### WHAT TO PRODUCE
Extract the lines up to and including the one that contains "3 inch Flat", starting with the first line of the entries below, and omit the pictures.

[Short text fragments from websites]
#####
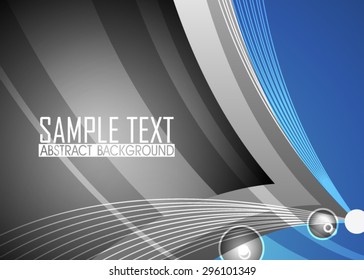 Blue abstract background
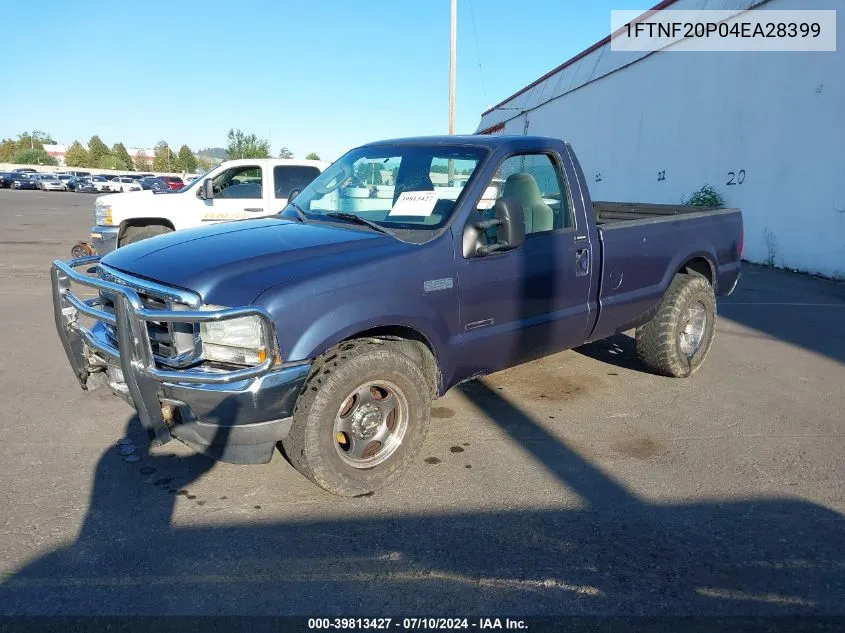 2004 Ford F-250 Xl/Xlt VIN: 1FTNF20P04EA28399 Lot: 39813427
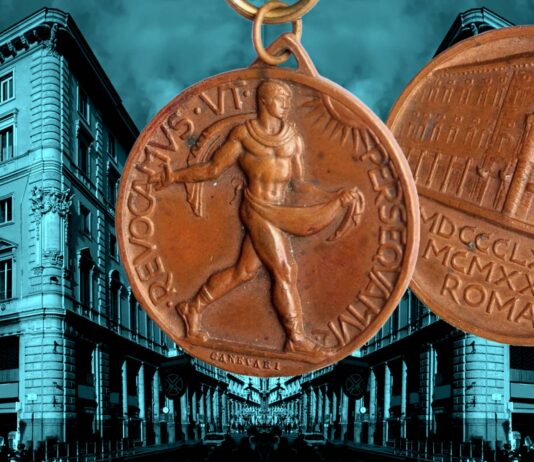 seminatore di silvio canevari medaglia roma grandi magazzini coen via del tritone giubileo 1880 1930 rarità numismatica palazzo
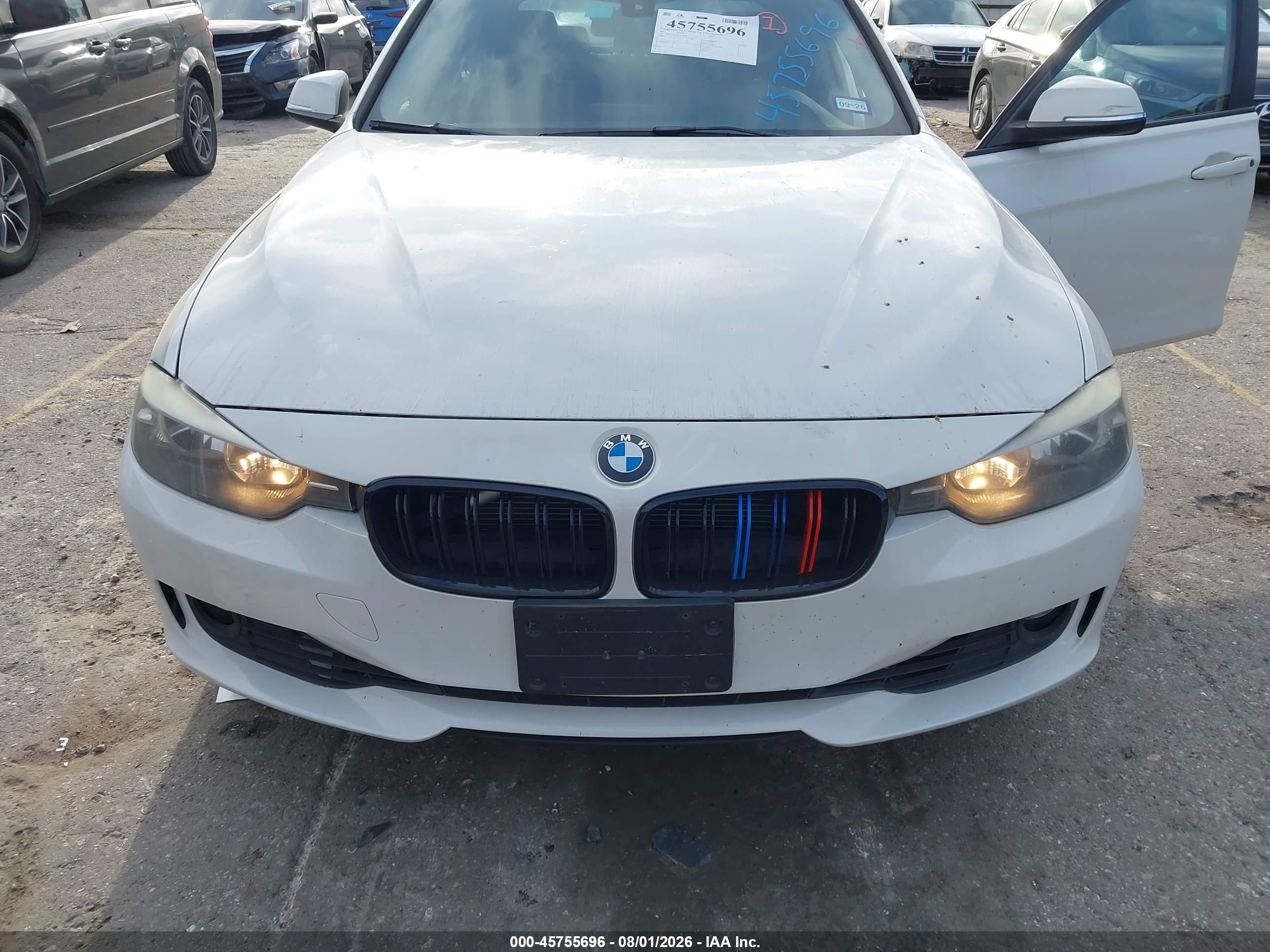 2014 Bmw 328i   White vin: WBA3C1C54EK116781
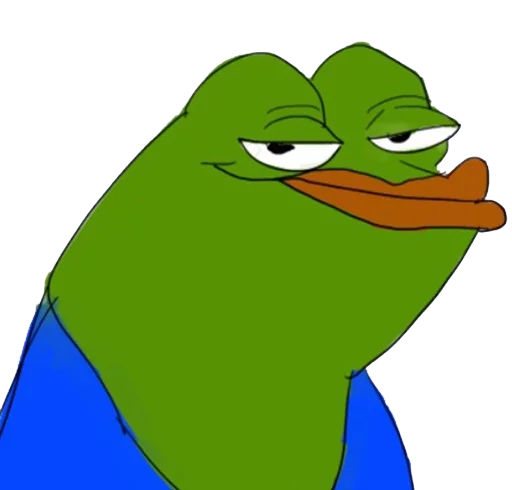 😐 Стикер «pepe the frog» для Telegram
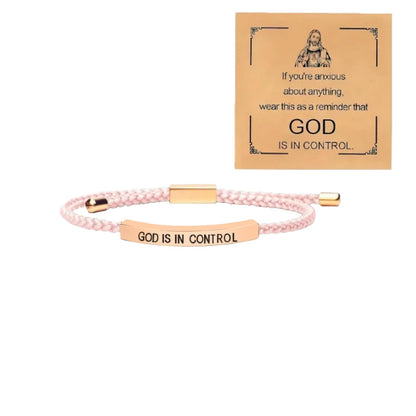 💖✨ Inspire Bracelet “God is in control”🎁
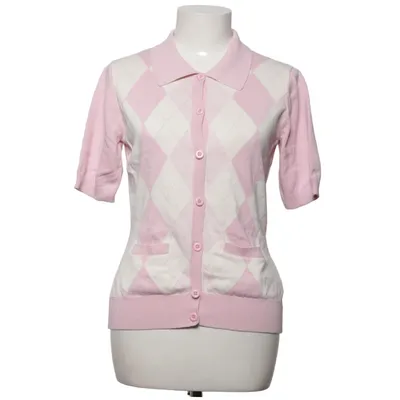 Cardigan (Pink, White) from GANT Cotton, Silk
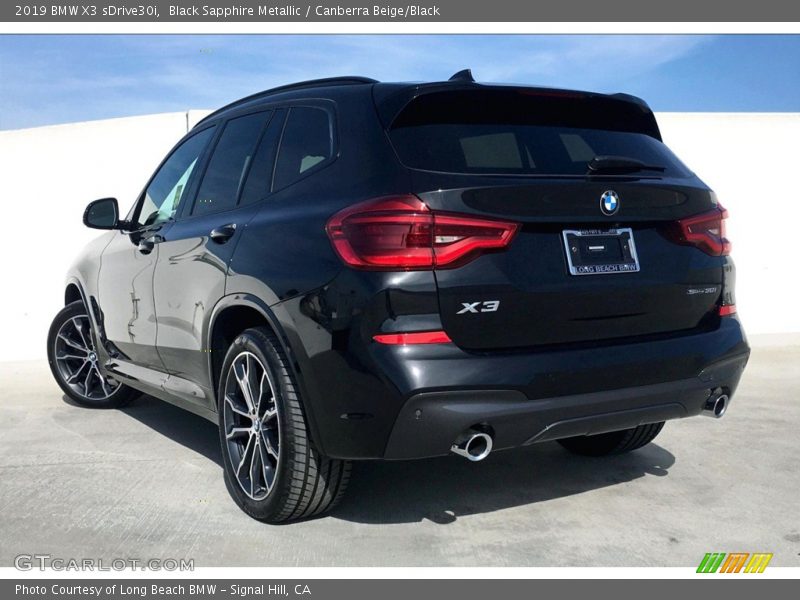 Black Sapphire Metallic / Canberra Beige/Black 2019 BMW X3 sDrive30i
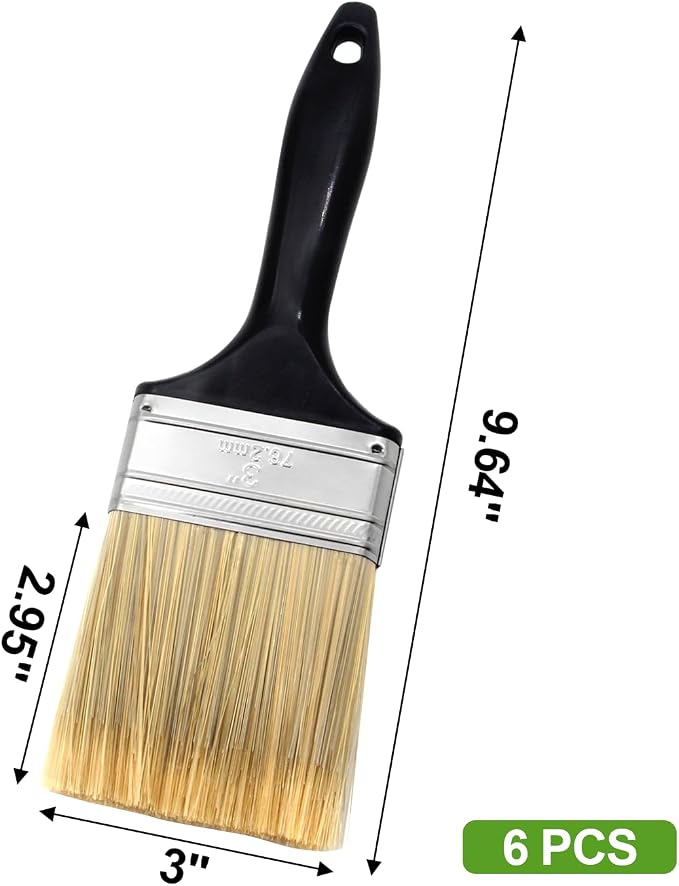3 inch Flat Paint Brushes, Professional Paint Tools - Image 2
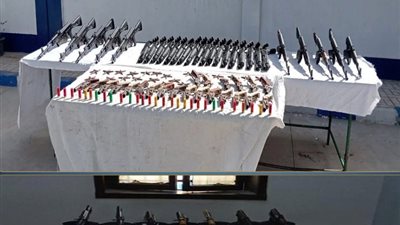 ضبط بؤر إجرامية بحوزتها 207 قطع سلاح ناري بقيمة 20 مليون جنيه قبل ترويجها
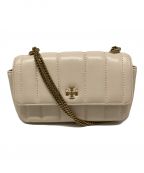TORY BURCHトリーバーチ）の古着「キラ フラップ ミニショルダーバッグ」｜ホワイト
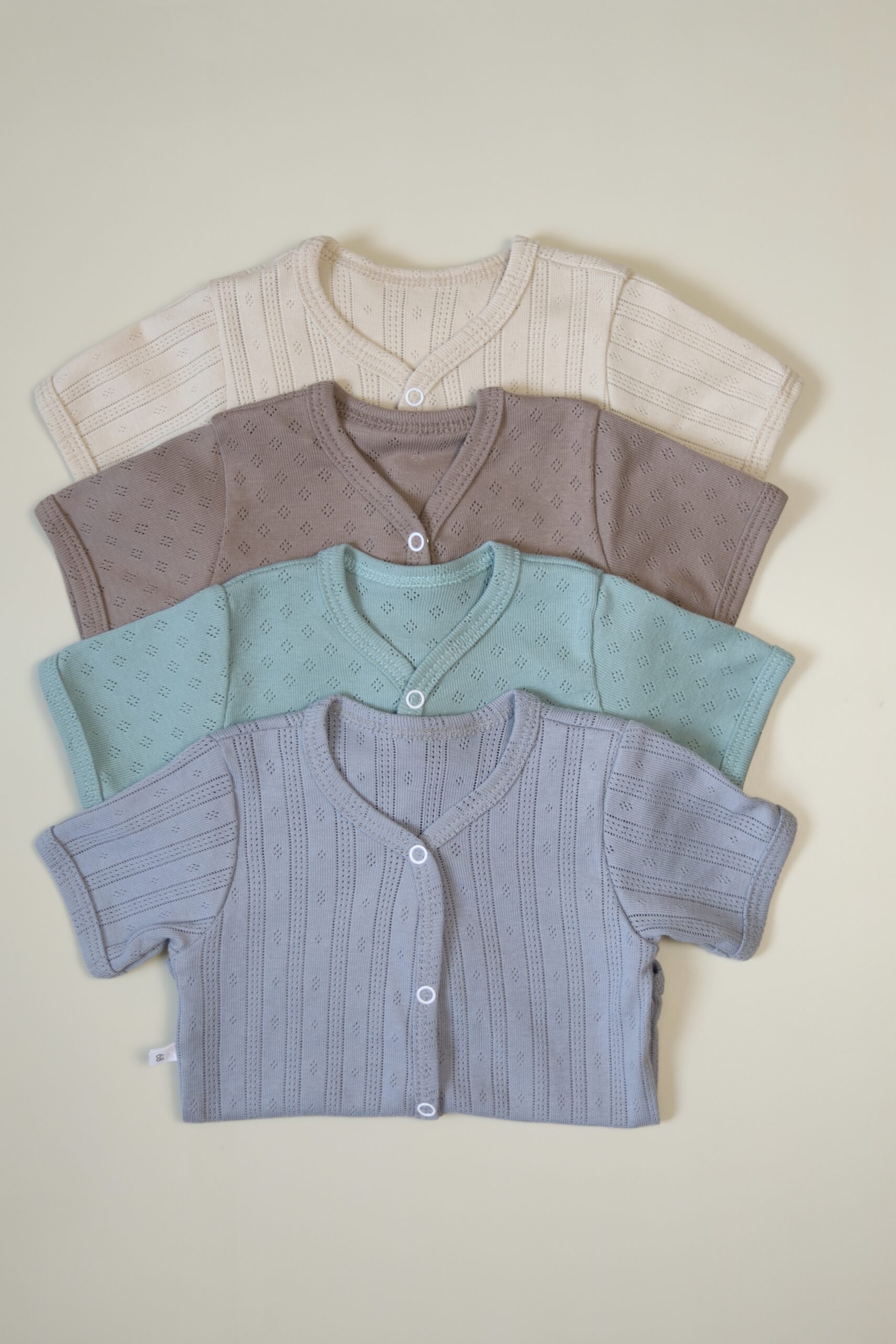 Боди MATUSHKIN прямая застежка, короткий рукав,горловина под окантовку,швы внутрь,трансферная рибана 4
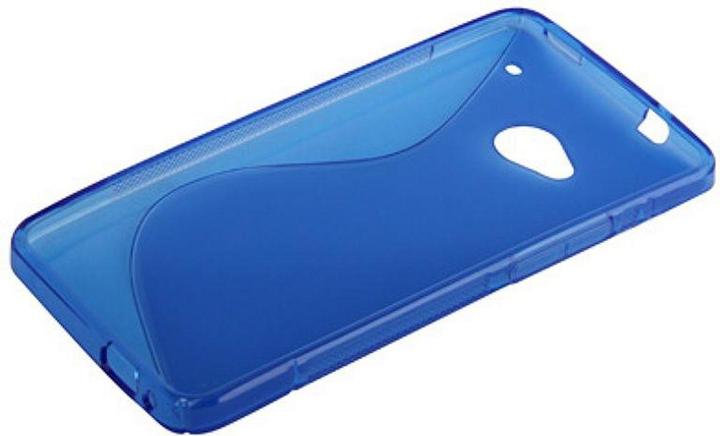 Produktbild König Design Schutzhülle Motiv Handyhülle Case für HTC One M7 Transparent / Blau (HTC One M7)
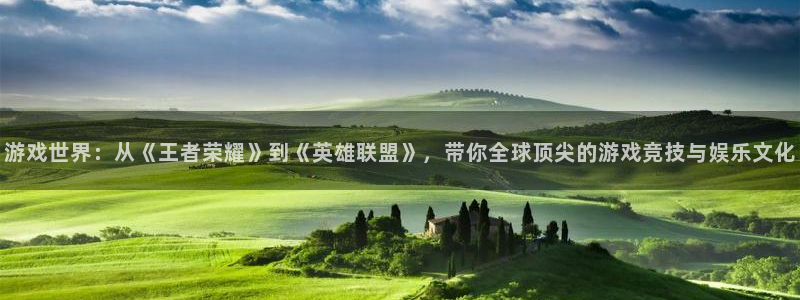 赢咖娱乐的意思：游戏世界：从《王者荣耀》到《英雄联盟》，带你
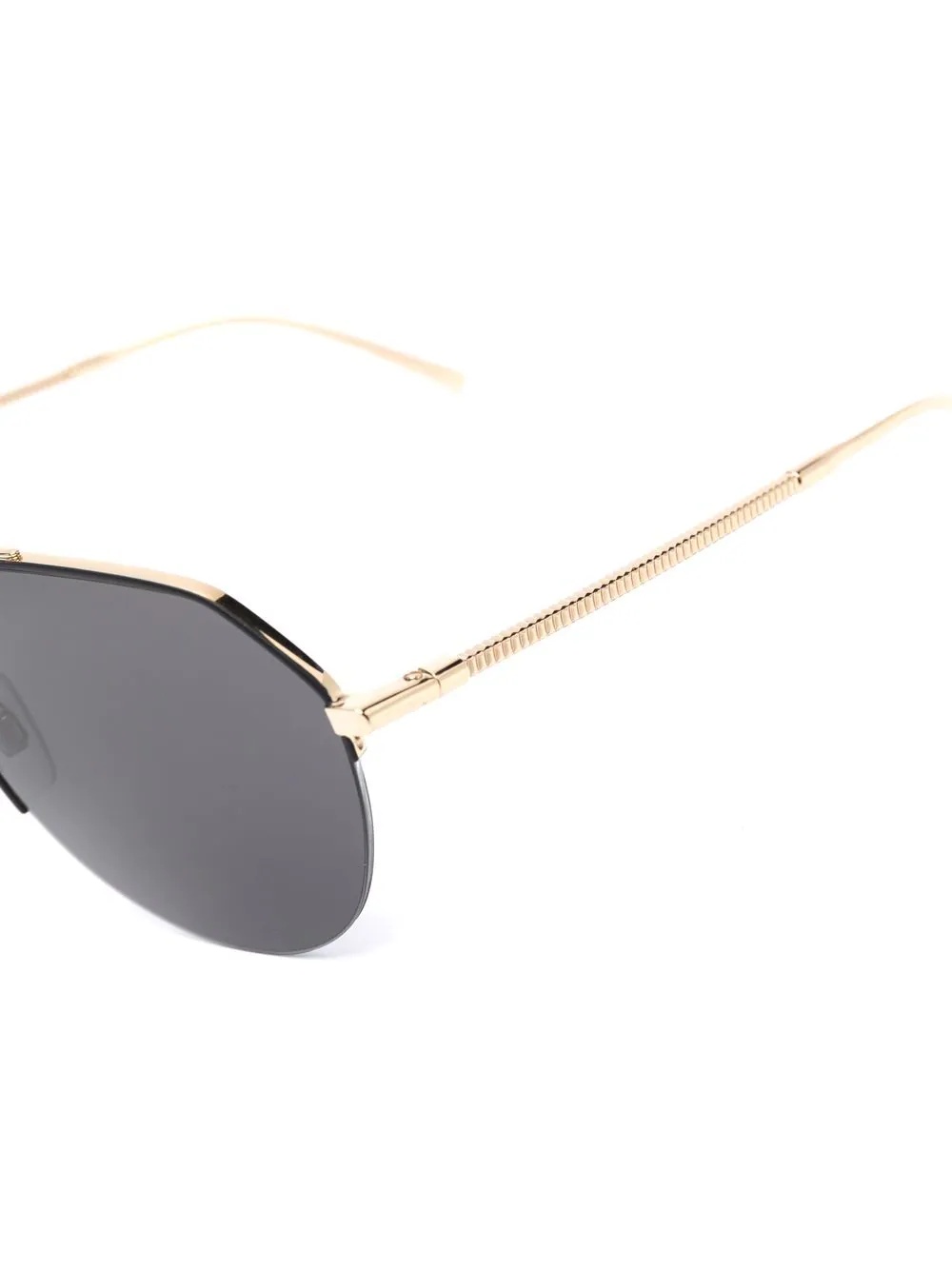 aviator-frame tinted sunglasses - 3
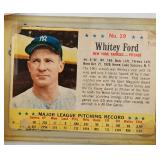8 1963 Post Cereal MLB Cards Whitey Ford & More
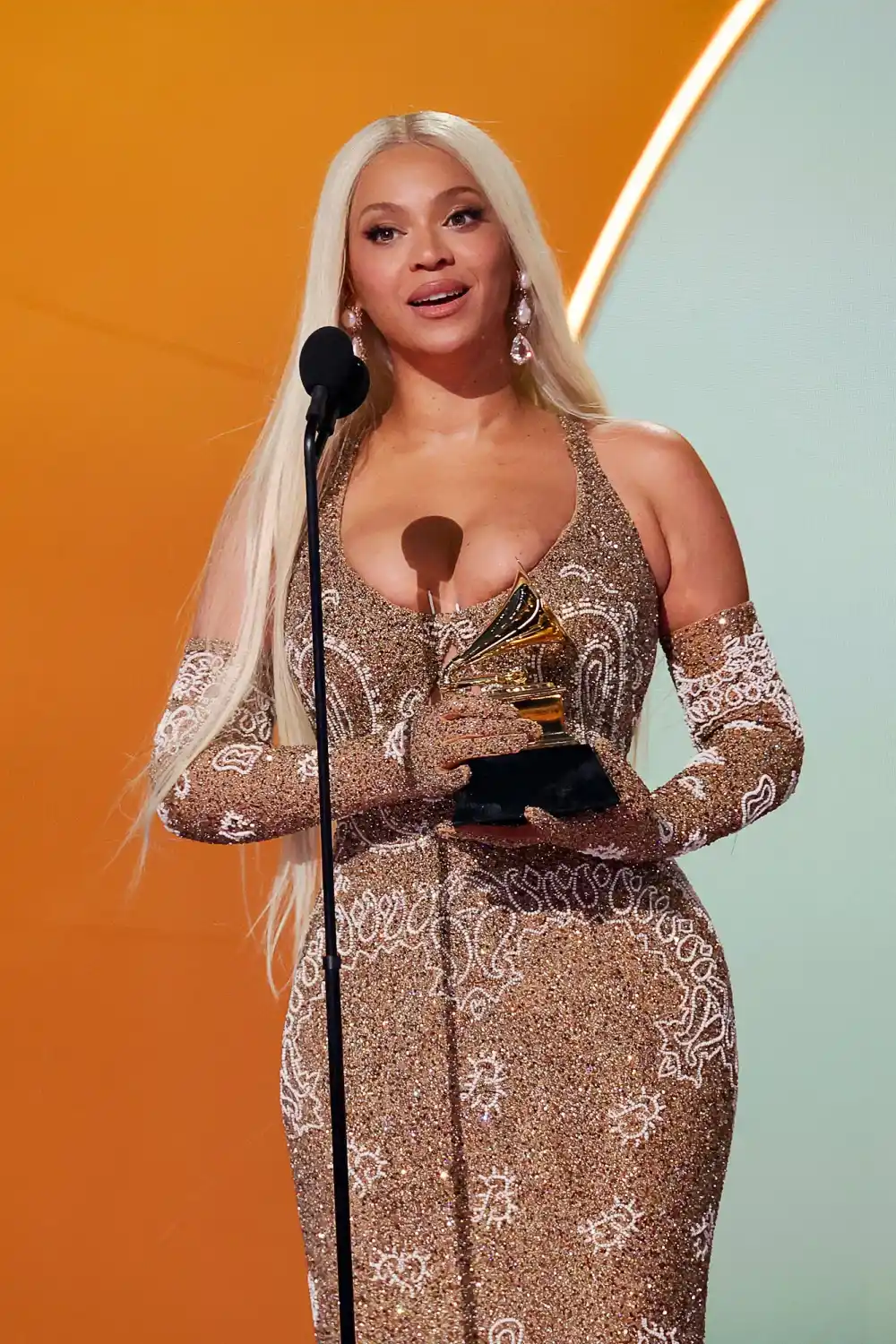 Beyonce accepts the Best Album award for onstage during the 67th Annual GRAMMY Awards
#####
### SOLUTION TO THIS EXERCISE
 Blue abstract background
 2004 Ford F-250 Xl/Xlt VIN: 1FTNF20P04EA28399 Lot: 39813427
 seminatore di silvio canevari medaglia roma grandi magazzini coen via del tritone giubileo 1880 1930 rarità numismatica palazzo
 2014 Bmw 328i   White vin: WBA3C1C54EK116781
 😐 Стикер «pepe the frog» для Telegram
 💖✨ Inspire Bracelet “God is in control”🎁
 Cardigan (Pink, White) from GANT Cotton, Silk
 Black Sapphire Metallic / Canberra Beige/Black 2019 BMW X3 sDrive30i
3 inch Flat Paint Brushes, Professional Paint Tools - Image 2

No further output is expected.